Elternschule
Die Elternschule versammelt Eltern, „Wahl-Eltern“ und alle, die Eltern werden wollen, um einen neuen und bewussten Umgang mit Kindern zu lehren. Sie bereitet Erwachsene darauf vor, Kinder in ihrer Entwicklung zu begleiten und die dabei auftauchenden Konflikte und Fragen zu bearbeiten. Die Elternschule will stabile soziale Strukturen schaffen, in denen Kinder gesund aufwachsen können. Zentrale Themen der Elternschule sind der Aufbau von Gemeinschaft und die Heilung der Liebe, denn beide tragen entscheidend dazu bei, das bestehende System der Angst in ein neues soziales System überzuführen, das auf Freiheit und Vertrauen beruht.
„Ein Erwachsener bezieht sich auf Kinder in der gleichen Art, wie er sich auf einen Liebespartner bezieht. Genauso, wie wir es lernen müssen, das System von Fixierung und Besitzanspruch in der Liebe zwischen Erwachsenen zu verlassen, genauso müssen wir es in der Beziehung zu unseren Kindern lernen.
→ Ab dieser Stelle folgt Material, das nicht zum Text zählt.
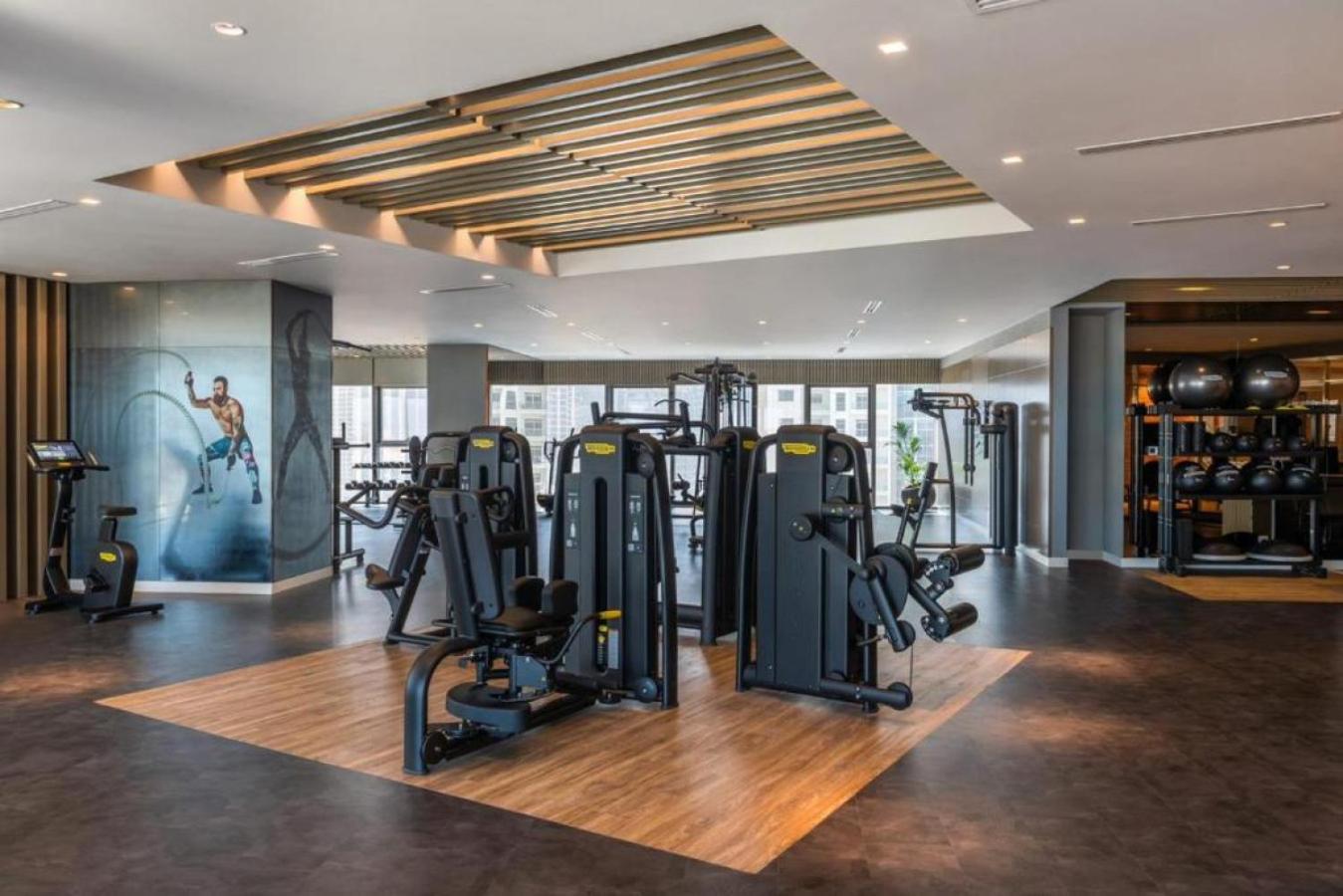 Urbanstays - Paramount Midtown Dubai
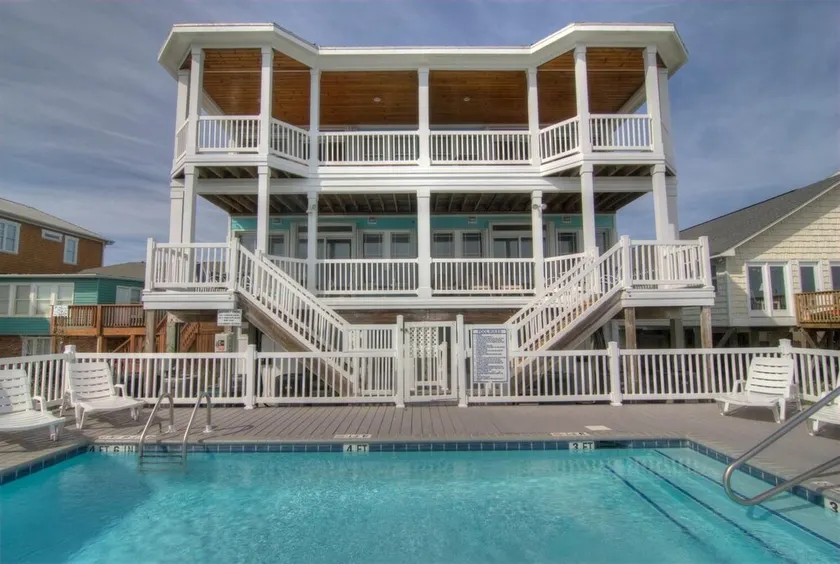 Le refuge B: 5 BR / 5 BA duplex - 1 côté à Kure Beach, 14 personnes - Image 1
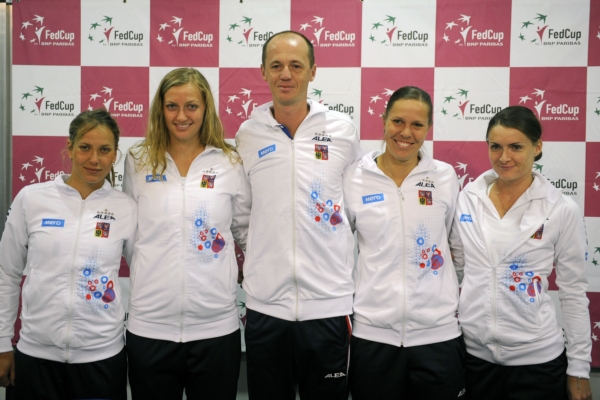 Český fedcupový tým. Zleva Barbora Záhlavová-Strýcová, Petra Kvitová, kapitán Petr Pála, Lucie Hradecká a Iveta Benešová. Český fedcupový tým. Zleva Barbora Záhlavová-Strýcová, Petra Kvitová, kapitán Petr Pála, Lucie Hradecká a Iveta Benešová.
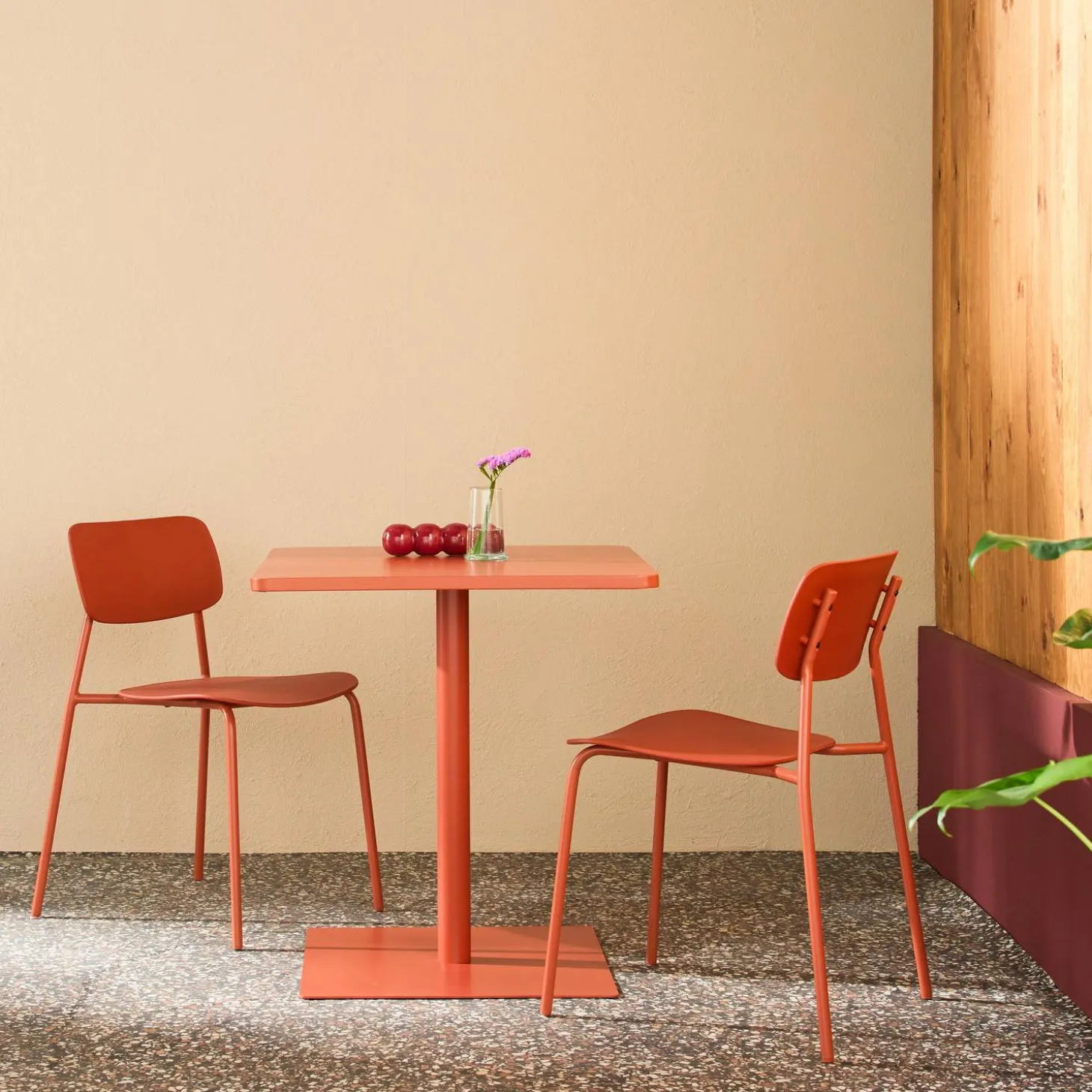 Vierkante tuintafel + 2 stoelen staal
Solange ich in einem Liebessystem lebe, das in mir Verlustangst auslöst, werde ich versuchen, die Kinder an mich zu binden und indem ich das tue, gebe ich die Verlustangst an sie weiter.“
GABRIELE BRUEGGEMANN
Vision
Das Schicksal unserer Kinder entscheidet über die Zukunft unseres Planeten. Ihr Schicksal hängt eng mit dem Schicksal der Eltern zusammen und vor allem damit, wie diese mit der Liebe umgehen. Deswegen hat der Aufbau neuer sozialer Strukturen eine solch fundamentale Bedeutung für alle, die Kinder betreuen. Diese Strukturen sollen dazu beitragen, die Liebe aus dem historischen Trauma von Angst und Misstrauen zu befreien. Das bedeutet, dass wir, wenn wir Kinder verantwortlich begleiten wollen, vor allem an uns selbst arbeiten müssen, um nicht unsere unbewussten Muster der Angst an sie weiterzugeben.
In Tamera bedeutet Familie in vielen Fällen nicht einfach nur die traditionelle Kleinfamilie aus Vater, Mutter und Geschwistern. Oft ist es eine Wahlfamilie, die aus einem kleinen Kreis von Erwachsenen besteht. Oft wählt das Kind die „Wahl-Eltern“ selbst. Es sind Erwachsene, die das Kind liebt und die sich verpflichten, es zu begleiten, bis es selbstständig geworden ist.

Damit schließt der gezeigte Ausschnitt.